Open MPI logo

Open MPI Development Mailing List Archives

  |   Home   |   Support   |   FAQ   |   all Development mailing list

From: Caitlin Bestler (caitlinb_at_[hidden])
Date: 2007-05-11 13:43:46

Donal Kerr wrote:

>>> order of business after connection establishment
>>> (mba_btl_udapl_sendrecv(). The RECV buffer post for this exchange,
>>> however, should really be done _before_ the
>>> dat_ep_connect() on the active side, and _before_ the
>>> dat_cr_accept() on the server side.
>>> Currently its done after the ESTABLISHED event is dequeued, thus
>>> allowing the race condition.
>>> I believe the rules are the ULP must ensure that a RECV is posted
>>> before the client can post a SEND for that buffer.
>>> And further, the ULP must enforce flow control somehow so that a
>>> SEND never arrives without a RECV buffer being available.
> maybe this is a rule iwarp imposes on its ULPs but not uDAPL.

It is most assuredly a rule for uDAPL. And it is not a matter
of iWARP "imposing" on uDAPL. uDAPL was explicitly designed
to support IB, iWARP and VI. To do that DAPL documents its
model of what RDMA is.

This issue is in fact one that is truly fundamental to the
efficiency of RDMA -- the transport layer DOES NOT provide
buffering. That's the application's job.

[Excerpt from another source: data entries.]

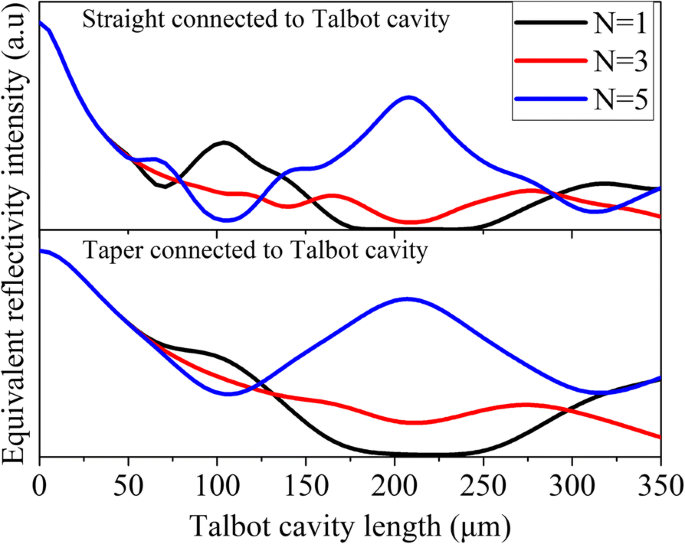 Hoogvermogen getapte Quantum Cascade Laser-arrays met Talbot-caviteit integratie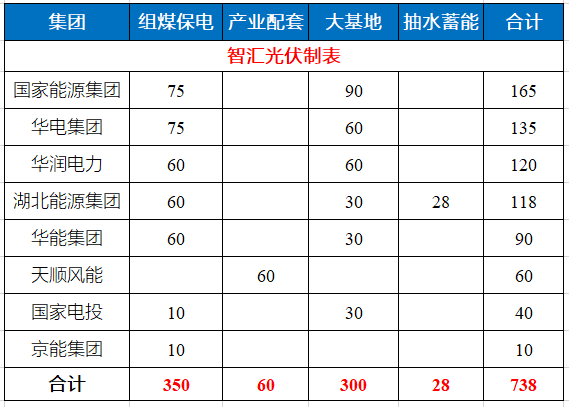 湖北省能源局公布7.83GW風(fēng)光指標(biāo) 國(guó)家能源集團(tuán)、華電、華潤(rùn)均超1GW！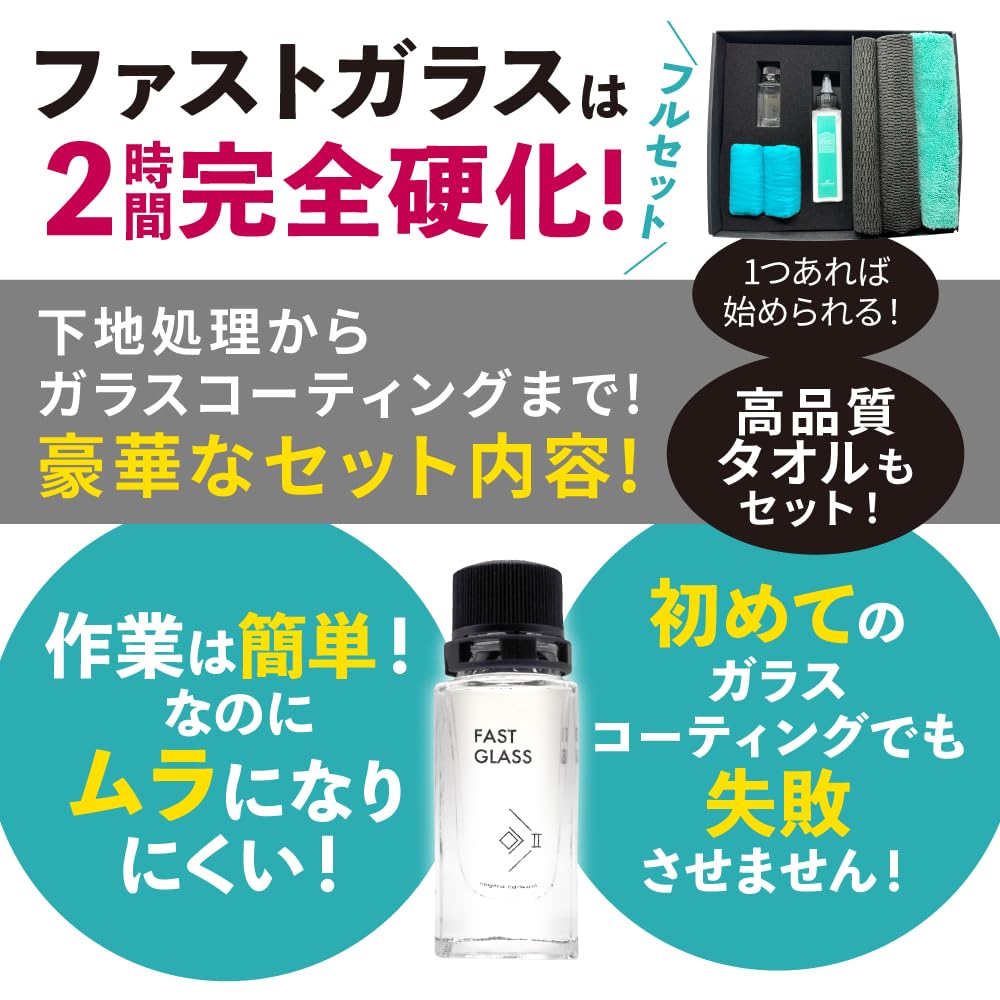 Amazon.co.jp: ながら洗車: ファストガラス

It is precisely
because the application layer does a better job that RDMA
can achieve better performance at high bandwidth.

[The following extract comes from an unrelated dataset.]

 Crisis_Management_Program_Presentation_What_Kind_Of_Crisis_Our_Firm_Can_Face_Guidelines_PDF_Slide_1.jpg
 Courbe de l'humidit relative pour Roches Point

For reasons that have been discussed in more depth in the
RDMA applicability statement and in RDDP/IPS discussions
on iSER, the absence of transport layer buffer throttling
places the onus for end-to-end pacing on the application.
It is a situation somewhat akin to a car with a broken
spedometer that had previously only driven during rush
hour bumper-to-bumper traffic. The fact that the spedometer
was broken was irrelevant. But if that same car hits the
open road the driver will need to come up with some method
of regulating their speed.

The DAPL semantics are very clear that send/recv operations must
be matched one to one, that the receive buffer must be large
enough for the received message and that there must be a receive
buffer for each incoming send/recv message. That means that
the sender needs to have some basis for believing that the
RECV has been posted. Usually this is an explicit credit
that is decremented per message and incremented per response.

What DAPL does not state is if the transport does explicit flow
control so that the sending application's work request is simply
not processed (and the sending application continues to provide
the buffer, as with InfiniBand) or whether the sender simply
transmits and leaves error detection to the receiver (iWARP).
There are theoretical advantages to both, but more importantly
neither of them is going to change. So the Consumer of RDMA
applications needs to use ULP/application layer flow control
to pace the transmitter. At the application layer that means
that the RECV must be posted *before* the Send/accept that
grants ULP credits to the far side.

All of that should be clear in the IOV ownership rules and
discussion of the semantics of send/recv. If you thought you
saw something that implied any guarantees to the contrary
then could you point them out in a posting to the DAT reflector?
(or just send them to me or Arkady Kanevsky).